● **Work item**:
Your job is to transcribe the material exactly, every line included.

● **Entries provided**:
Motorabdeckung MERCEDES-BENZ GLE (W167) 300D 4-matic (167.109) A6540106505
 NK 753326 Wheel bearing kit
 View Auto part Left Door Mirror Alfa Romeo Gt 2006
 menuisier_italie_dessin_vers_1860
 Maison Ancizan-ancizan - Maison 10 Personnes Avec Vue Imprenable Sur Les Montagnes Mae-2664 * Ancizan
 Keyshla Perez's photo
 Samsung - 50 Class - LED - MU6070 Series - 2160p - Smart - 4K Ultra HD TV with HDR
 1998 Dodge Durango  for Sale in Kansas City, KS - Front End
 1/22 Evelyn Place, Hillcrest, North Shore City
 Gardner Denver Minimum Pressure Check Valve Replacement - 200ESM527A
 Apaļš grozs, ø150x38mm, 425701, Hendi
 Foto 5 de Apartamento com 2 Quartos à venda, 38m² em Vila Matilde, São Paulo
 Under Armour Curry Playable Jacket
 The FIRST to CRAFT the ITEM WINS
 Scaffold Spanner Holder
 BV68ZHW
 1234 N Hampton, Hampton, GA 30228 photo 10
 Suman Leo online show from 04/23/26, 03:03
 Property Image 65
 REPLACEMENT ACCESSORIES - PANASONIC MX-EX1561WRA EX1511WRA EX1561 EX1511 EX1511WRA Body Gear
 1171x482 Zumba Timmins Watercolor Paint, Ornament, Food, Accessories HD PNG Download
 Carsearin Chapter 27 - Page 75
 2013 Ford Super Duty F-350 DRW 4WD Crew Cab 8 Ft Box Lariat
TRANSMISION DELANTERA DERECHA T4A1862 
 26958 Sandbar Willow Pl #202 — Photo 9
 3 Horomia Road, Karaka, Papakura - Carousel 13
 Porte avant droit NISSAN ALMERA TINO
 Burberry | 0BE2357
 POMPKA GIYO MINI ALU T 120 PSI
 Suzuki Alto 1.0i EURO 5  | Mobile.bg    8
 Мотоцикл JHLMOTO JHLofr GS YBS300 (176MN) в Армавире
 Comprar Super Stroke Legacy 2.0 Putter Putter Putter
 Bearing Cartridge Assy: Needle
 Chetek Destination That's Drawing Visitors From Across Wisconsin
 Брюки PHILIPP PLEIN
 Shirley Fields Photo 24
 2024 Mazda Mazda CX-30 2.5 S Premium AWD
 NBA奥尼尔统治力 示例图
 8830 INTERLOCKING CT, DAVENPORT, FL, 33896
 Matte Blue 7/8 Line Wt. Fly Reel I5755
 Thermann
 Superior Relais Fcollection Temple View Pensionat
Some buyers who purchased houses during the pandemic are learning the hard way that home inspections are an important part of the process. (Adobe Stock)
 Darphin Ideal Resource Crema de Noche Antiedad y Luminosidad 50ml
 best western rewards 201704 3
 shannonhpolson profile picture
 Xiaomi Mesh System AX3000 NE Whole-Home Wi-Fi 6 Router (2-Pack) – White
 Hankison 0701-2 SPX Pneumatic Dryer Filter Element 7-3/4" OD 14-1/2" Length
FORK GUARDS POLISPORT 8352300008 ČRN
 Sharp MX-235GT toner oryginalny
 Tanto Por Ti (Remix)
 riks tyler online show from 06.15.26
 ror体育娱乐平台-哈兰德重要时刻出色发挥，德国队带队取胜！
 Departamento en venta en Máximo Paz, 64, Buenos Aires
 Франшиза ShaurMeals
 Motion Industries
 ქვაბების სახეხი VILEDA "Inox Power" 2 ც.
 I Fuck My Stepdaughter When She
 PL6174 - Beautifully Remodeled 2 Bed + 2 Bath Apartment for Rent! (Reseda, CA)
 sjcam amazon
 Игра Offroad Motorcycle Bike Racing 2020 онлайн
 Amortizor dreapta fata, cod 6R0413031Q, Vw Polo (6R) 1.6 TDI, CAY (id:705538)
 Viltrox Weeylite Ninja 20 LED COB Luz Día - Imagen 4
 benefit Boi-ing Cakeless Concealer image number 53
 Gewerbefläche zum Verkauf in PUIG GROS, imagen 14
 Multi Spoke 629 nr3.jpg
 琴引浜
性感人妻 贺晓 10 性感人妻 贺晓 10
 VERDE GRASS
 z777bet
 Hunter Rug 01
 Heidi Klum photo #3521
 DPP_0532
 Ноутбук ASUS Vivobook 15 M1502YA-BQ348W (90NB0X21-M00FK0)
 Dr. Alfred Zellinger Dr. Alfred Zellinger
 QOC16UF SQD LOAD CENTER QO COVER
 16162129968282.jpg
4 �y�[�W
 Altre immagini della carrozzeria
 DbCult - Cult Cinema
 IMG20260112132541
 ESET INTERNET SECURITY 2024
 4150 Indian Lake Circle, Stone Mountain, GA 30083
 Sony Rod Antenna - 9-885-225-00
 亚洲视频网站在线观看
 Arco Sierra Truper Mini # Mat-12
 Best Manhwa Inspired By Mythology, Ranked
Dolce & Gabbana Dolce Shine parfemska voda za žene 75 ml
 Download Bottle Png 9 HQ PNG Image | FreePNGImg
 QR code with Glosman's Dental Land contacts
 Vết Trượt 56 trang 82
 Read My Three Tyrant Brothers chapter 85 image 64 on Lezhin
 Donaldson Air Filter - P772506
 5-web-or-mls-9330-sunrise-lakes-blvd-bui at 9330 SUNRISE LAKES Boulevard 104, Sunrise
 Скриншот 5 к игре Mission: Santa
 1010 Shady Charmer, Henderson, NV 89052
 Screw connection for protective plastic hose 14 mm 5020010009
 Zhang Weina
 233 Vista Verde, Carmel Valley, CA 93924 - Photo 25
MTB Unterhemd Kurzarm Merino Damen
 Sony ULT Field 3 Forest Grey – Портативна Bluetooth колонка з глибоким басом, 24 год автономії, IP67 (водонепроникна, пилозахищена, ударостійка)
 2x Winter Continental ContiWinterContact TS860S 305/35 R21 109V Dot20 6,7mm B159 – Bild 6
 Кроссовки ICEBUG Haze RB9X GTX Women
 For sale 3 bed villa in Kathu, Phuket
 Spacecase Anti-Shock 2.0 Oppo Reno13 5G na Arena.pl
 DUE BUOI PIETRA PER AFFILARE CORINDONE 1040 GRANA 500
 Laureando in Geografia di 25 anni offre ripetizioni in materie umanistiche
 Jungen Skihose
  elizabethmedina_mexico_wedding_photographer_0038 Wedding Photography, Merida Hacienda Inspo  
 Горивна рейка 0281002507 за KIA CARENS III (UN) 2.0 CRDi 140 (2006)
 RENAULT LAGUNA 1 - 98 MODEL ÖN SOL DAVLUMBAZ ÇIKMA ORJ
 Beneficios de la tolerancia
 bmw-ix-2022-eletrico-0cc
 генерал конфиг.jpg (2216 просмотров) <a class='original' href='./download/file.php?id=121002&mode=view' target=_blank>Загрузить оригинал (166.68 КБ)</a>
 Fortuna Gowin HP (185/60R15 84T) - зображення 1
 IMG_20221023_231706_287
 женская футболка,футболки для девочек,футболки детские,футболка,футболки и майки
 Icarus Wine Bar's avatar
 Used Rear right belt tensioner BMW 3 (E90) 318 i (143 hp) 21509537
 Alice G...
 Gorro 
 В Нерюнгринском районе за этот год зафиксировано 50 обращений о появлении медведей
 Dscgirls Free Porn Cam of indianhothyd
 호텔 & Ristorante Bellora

● **Reply to the exercise**:
Motorabdeckung MERCEDES-BENZ GLE (W167) 300D 4-matic (167.109) A6540106505
 NK 753326 Wheel bearing kit
 View Auto part Left Door Mirror Alfa Romeo Gt 2006
 menuisier_italie_dessin_vers_1860
 Maison Ancizan-ancizan - Maison 10 Personnes Avec Vue Imprenable Sur Les Montagnes Mae-2664 * Ancizan
 Keyshla Perez's photo
 Samsung - 50 Class - LED - MU6070 Series - 2160p - Smart - 4K Ultra HD TV with HDR
 1998 Dodge Durango  for Sale in Kansas City, KS - Front End
 1/22 Evelyn Place, Hillcrest, North Shore City
 Gardner Denver Minimum Pressure Check Valve Replacement - 200ESM527A
 Apaļš grozs, ø150x38mm, 425701, Hendi
 Foto 5 de Apartamento com 2 Quartos à venda, 38m² em Vila Matilde, São Paulo
 Under Armour Curry Playable Jacket
 The FIRST to CRAFT the ITEM WINS
 Scaffold Spanner Holder
 BV68ZHW
 1234 N Hampton, Hampton, GA 30228 photo 10
 Suman Leo online show from 04/23/26, 03:03
 Property Image 65
 REPLACEMENT ACCESSORIES - PANASONIC MX-EX1561WRA EX1511WRA EX1561 EX1511 EX1511WRA Body Gear
 1171x482 Zumba Timmins Watercolor Paint, Ornament, Food, Accessories HD PNG Download
 Carsearin Chapter 27 - Page 75
 2013 Ford Super Duty F-350 DRW 4WD Crew Cab 8 Ft Box Lariat
TRANSMISION DELANTERA DERECHA T4A1862 
 26958 Sandbar Willow Pl #202 — Photo 9
 3 Horomia Road, Karaka, Papakura - Carousel 13
 Porte avant droit NISSAN ALMERA TINO
 Burberry | 0BE2357
 POMPKA GIYO MINI ALU T 120 PSI
 Suzuki Alto 1.0i EURO 5  | Mobile.bg    8
 Мотоцикл JHLMOTO JHLofr GS YBS300 (176MN) в Армавире
 Comprar Super Stroke Legacy 2.0 Putter Putter Putter
 Bearing Cartridge Assy: Needle
 Chetek Destination That's Drawing Visitors From Across Wisconsin
 Брюки PHILIPP PLEIN
 Shirley Fields Photo 24
 2024 Mazda Mazda CX-30 2.5 S Premium AWD
 NBA奥尼尔统治力 示例图
 8830 INTERLOCKING CT, DAVENPORT, FL, 33896
 Matte Blue 7/8 Line Wt. Fly Reel I5755
 Thermann
 Superior Relais Fcollection Temple View Pensionat
Some buyers who purchased houses during the pandemic are learning the hard way that home inspections are an important part of the process. (Adobe Stock)
 Darphin Ideal Resource Crema de Noche Antiedad y Luminosidad 50ml
 best western rewards 201704 3
 shannonhpolson profile picture
 Xiaomi Mesh System AX3000 NE Whole-Home Wi-Fi 6 Router (2-Pack) – White
 Hankison 0701-2 SPX Pneumatic Dryer Filter Element 7-3/4" OD 14-1/2" Length
FORK GUARDS POLISPORT 8352300008 ČRN
 Sharp MX-235GT toner oryginalny
 Tanto Por Ti (Remix)
 riks tyler online show from 06.15.26
 ror体育娱乐平台-哈兰德重要时刻出色发挥，德国队带队取胜！
 Departamento en venta en Máximo Paz, 64, Buenos Aires
 Франшиза ShaurMeals
 Motion Industries
 ქვაბების სახეხი VILEDA "Inox Power" 2 ც.
 I Fuck My Stepdaughter When She
 PL6174 - Beautifully Remodeled 2 Bed + 2 Bath Apartment for Rent! (Reseda, CA)
 sjcam amazon
 Игра Offroad Motorcycle Bike Racing 2020 онлайн
 Amortizor dreapta fata, cod 6R0413031Q, Vw Polo (6R) 1.6 TDI, CAY (id:705538)
 Viltrox Weeylite Ninja 20 LED COB Luz Día - Imagen 4
 benefit Boi-ing Cakeless Concealer image number 53
 Gewerbefläche zum Verkauf in PUIG GROS, imagen 14
 Multi Spoke 629 nr3.jpg
 琴引浜
性感人妻 贺晓 10 性感人妻 贺晓 10
 VERDE GRASS
 z777bet
 Hunter Rug 01
 Heidi Klum photo #3521
 DPP_0532
 Ноутбук ASUS Vivobook 15 M1502YA-BQ348W (90NB0X21-M00FK0)
 Dr. Alfred Zellinger Dr. Alfred Zellinger
 QOC16UF SQD LOAD CENTER QO COVER
 16162129968282.jpg
4 �y�[�W
 Altre immagini della carrozzeria
 DbCult - Cult Cinema
 IMG20260112132541
 ESET INTERNET SECURITY 2024
 4150 Indian Lake Circle, Stone Mountain, GA 30083
 Sony Rod Antenna - 9-885-225-00
 亚洲视频网站在线观看
 Arco Sierra Truper Mini # Mat-12
 Best Manhwa Inspired By Mythology, Ranked
Dolce & Gabbana Dolce Shine parfemska voda za žene 75 ml
 Download Bottle Png 9 HQ PNG Image | FreePNGImg
 QR code with Glosman's Dental Land contacts
 Vết Trượt 56 trang 82
 Read My Three Tyrant Brothers chapter 85 image 64 on Lezhin
 Donaldson Air Filter - P772506
 5-web-or-mls-9330-sunrise-lakes-blvd-bui at 9330 SUNRISE LAKES Boulevard 104, Sunrise
 Скриншот 5 к игре Mission: Santa
 1010 Shady Charmer, Henderson, NV 89052
 Screw connection for protective plastic hose 14 mm 5020010009
 Zhang Weina
 233 Vista Verde, Carmel Valley, CA 93924 - Photo 25
MTB Unterhemd Kurzarm Merino Damen
 Sony ULT Field 3 Forest Grey – Портативна Bluetooth колонка з глибоким басом, 24 год автономії, IP67 (водонепроникна, пилозахищена, ударостійка)
 2x Winter Continental ContiWinterContact TS860S 305/35 R21 109V Dot20 6,7mm B159 – Bild 6
 Кроссовки ICEBUG Haze RB9X GTX Women
 For sale 3 bed villa in Kathu, Phuket
 Spacecase Anti-Shock 2.0 Oppo Reno13 5G na Arena.pl
 DUE BUOI PIETRA PER AFFILARE CORINDONE 1040 GRANA 500
 Laureando in Geografia di 25 anni offre ripetizioni in materie umanistiche
 Jungen Skihose
  elizabethmedina_mexico_wedding_photographer_0038 Wedding Photography, Merida Hacienda Inspo  
 Горивна рейка 0281002507 за KIA CARENS III (UN) 2.0 CRDi 140 (2006)
 RENAULT LAGUNA 1 - 98 MODEL ÖN SOL DAVLUMBAZ ÇIKMA ORJ
 Beneficios de la tolerancia
 bmw-ix-2022-eletrico-0cc
 генерал конфиг.jpg (2216 просмотров) <a class='original' href='./download/file.php?id=121002&mode=view' target=_blank>Загрузить оригинал (166.68 КБ)</a>
 Fortuna Gowin HP (185/60R15 84T) - зображення 1
 IMG_20221023_231706_287
 женская футболка,футболки для девочек,футболки детские,футболка,футболки и майки
 Icarus Wine Bar's avatar
 Used Rear right belt tensioner BMW 3 (E90) 318 i (143 hp) 21509537
 Alice G...
 Gorro 
 В Нерюнгринском районе за этот год зафиксировано 50 обращений о появлении медведей
 Dscgirls Free Porn Cam of indianhothyd
 호텔 & Ristorante Bellora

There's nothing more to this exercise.